O conhecimento é a certeza. É o contacto entre o sujeito humano e um objecto material, ideal ou de outra natureza, intrínseco ou extrínseco ao sujeito. Essa é a definição correcta. A justificação - conjunto de inferências para fundamentar, estruturar e consolidar o conhecimento obtido por intuição - vem, em regra, depois das intuições cognoscentes. Essa justificação não é condição do conhecimento: é um conhecimento suplementar que se adiciona ao conhecimento originário, intuitivo, destituído de justificação.
Se algum estudante escrevesse na prova de Exame de Filosofia o que aqui escrevo, seria penalizado, segundo os critérios de correcção...
E no entanto, senhores inquisidores da «filosofia analítica», gente da Arte de (Não) Pensar, a Terra da definição de conhecimento move-se!

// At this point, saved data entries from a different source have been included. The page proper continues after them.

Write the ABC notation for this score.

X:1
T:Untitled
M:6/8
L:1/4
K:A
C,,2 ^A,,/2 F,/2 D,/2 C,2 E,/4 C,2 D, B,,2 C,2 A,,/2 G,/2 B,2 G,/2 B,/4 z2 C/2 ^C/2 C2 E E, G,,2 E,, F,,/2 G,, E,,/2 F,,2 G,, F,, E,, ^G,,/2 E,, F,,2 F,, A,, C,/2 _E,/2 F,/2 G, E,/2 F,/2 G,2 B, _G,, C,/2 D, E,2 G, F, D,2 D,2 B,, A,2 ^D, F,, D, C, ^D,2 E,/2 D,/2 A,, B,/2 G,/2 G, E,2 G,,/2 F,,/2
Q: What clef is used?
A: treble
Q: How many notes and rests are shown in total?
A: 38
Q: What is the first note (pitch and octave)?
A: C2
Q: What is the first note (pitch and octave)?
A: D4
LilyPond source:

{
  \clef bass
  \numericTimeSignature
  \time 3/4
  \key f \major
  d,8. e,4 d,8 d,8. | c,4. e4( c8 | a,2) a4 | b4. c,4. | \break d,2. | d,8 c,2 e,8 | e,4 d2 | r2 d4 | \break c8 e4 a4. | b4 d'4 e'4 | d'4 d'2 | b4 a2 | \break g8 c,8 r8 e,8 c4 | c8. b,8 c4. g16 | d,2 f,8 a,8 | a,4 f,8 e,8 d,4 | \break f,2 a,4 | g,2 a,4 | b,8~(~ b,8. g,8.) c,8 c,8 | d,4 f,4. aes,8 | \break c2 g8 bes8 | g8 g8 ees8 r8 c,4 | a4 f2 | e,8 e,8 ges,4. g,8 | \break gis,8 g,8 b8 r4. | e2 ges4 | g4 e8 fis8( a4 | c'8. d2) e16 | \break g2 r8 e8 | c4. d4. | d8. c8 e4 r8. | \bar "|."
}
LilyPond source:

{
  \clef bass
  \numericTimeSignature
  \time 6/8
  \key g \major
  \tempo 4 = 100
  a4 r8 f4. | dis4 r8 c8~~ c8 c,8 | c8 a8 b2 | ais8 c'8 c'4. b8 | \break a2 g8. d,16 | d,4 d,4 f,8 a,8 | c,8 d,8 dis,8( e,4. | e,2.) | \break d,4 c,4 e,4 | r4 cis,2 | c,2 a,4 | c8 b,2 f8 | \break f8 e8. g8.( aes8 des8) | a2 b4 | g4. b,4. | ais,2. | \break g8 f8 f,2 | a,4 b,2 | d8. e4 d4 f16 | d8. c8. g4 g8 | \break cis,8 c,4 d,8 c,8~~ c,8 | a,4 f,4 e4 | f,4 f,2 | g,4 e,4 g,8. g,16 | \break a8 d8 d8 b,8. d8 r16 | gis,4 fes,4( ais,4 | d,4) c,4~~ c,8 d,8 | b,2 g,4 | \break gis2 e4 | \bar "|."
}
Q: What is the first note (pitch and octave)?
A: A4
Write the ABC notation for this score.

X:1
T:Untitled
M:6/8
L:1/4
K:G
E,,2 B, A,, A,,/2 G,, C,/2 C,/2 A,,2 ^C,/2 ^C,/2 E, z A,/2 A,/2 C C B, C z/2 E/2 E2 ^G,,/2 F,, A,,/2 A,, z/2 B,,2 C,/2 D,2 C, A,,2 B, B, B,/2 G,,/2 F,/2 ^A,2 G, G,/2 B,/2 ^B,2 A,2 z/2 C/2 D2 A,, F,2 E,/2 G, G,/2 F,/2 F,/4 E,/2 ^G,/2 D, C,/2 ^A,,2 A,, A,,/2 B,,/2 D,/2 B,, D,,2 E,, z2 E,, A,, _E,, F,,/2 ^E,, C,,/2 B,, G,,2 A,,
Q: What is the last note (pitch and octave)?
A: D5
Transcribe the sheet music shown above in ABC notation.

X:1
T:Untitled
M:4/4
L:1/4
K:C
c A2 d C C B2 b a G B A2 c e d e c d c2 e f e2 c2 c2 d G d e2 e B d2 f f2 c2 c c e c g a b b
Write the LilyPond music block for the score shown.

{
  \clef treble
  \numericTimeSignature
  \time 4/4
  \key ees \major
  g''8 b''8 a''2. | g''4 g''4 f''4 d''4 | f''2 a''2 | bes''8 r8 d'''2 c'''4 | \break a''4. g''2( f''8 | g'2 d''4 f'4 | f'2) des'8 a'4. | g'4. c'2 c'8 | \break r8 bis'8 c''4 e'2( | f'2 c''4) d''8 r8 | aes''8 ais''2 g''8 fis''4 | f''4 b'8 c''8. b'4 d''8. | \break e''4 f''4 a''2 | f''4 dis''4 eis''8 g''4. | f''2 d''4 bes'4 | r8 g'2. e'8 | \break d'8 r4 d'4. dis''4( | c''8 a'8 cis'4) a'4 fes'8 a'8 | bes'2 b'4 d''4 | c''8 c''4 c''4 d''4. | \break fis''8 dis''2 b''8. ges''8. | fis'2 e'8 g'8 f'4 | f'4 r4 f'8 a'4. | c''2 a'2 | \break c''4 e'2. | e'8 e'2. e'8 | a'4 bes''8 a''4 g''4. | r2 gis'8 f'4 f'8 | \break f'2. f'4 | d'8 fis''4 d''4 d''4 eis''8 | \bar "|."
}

Não está imóvel frente ao sol da «crença verdadeira justificada» com que nos quereis queimar os neurónios pensantes, usando as insígnias dos vossos barretes cardinalícios de mestres ou doutorados! Há mais e melhores definições de conhecimento além da vossa...
Há conhecimento erróneo, ilusório e conhecimento verdadeiro, empírico, empírico-racional, racional ou supra-racional.
Os mentores ideológicos desta prova - isto é os autores do manual de Filosofia do 11º ano A arte de pensar, da Didáctica Editora, Aires Almeida, Célia Teixeira, Desidério Murcho, Paula Mateus, Pedro Galvão - não atingiram, sequer, a margem do rio do conhecimento filosófico, que é uma corrente holística indivisível , perspectivada desde vários ângulos em redor: não percebem que escravizar alunos e professores à definição, dada em 1963 pelo filósofo norte-amercano de segunda categoria Edmund Gettier (n. 1927), de conhecimento como «crença verdadeira justificada» é uma ditadura antifilosófica de sectários, de gente incapaz de pensar com profundidade.
Ora os testes de Exame Nacional de Filosofia têm de ser muito bem concebidos, com grande amplitude de pensamento e sabedoria, o que, seguramente, não foi o caso.